Win and Beau have no friends

What Can't You See and Stinks A Fart.

soccor

Gianni

Why did the Asian woman drive 20mph on the highway? There was a deadly car accident with many fatalities.

This is not an anti joke.

How do you make Chuck Norris cry? Kill his family.

whats worse then girls playing sport ? girls cutting grass

What is pink and smells like red paint? Pink paint

why was little jimmy sad? he had a frog stapled to his mouth why did little jimmy drop his ice cream cone? he got hit by a bus why did little jimmy fall of the swingset? he didnt have any arms what did little jimmy want for Christmas? parents what did he get for Christmas? cancer knock knock whos there? not jimmy

A girl asked a guy if he thought she was pretty, He said 'No'. She asked him if he would want to be with her forever.
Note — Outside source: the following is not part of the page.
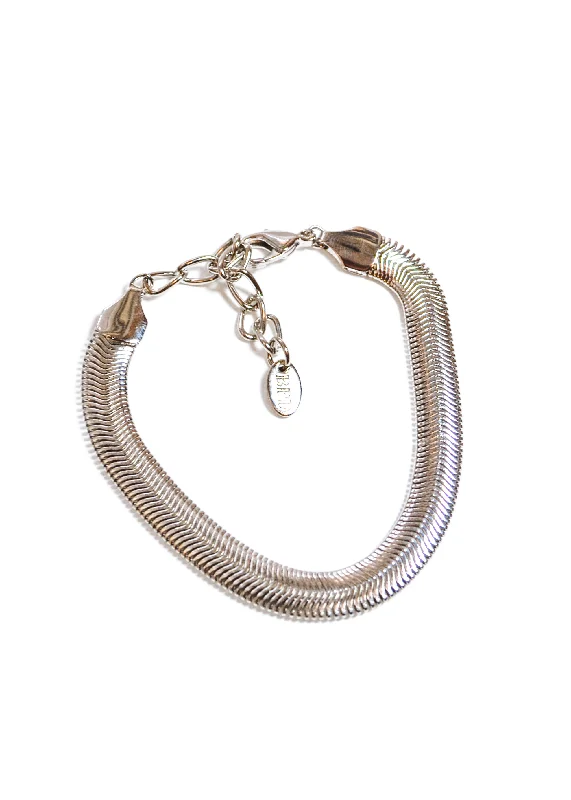 Limited-Time Offer On Elegant Jewelry Pieces Easy Elegance Sales HOLCOMBE | BRACELET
He said 'no'. She then asked him if she were to leave would he cry, Once again, he replied 'no'. She had heard enough. As she walked away, tears streaming down her face the boy grabbed her arm and said.. 'Asking emotionally charged hypothetical questions that are completely irrelevant to the prior conversation is known as fishing for compliments. Except, your tears seem to reflect a more serious inner emotional neediness. I suggest you seek a psychologist.'

A young boy walks into a bar and asks for directions or a map. The bartender takes him into a backroom and gives him a map he just happened to have. The boy continues on his way and the bartender is happy that he did a good deed.

Why was the man reading various news articles on the Internet at 2:21 in the morning? Because at that time he could not sleep. Which meant he tried to find something else to fill his time up with.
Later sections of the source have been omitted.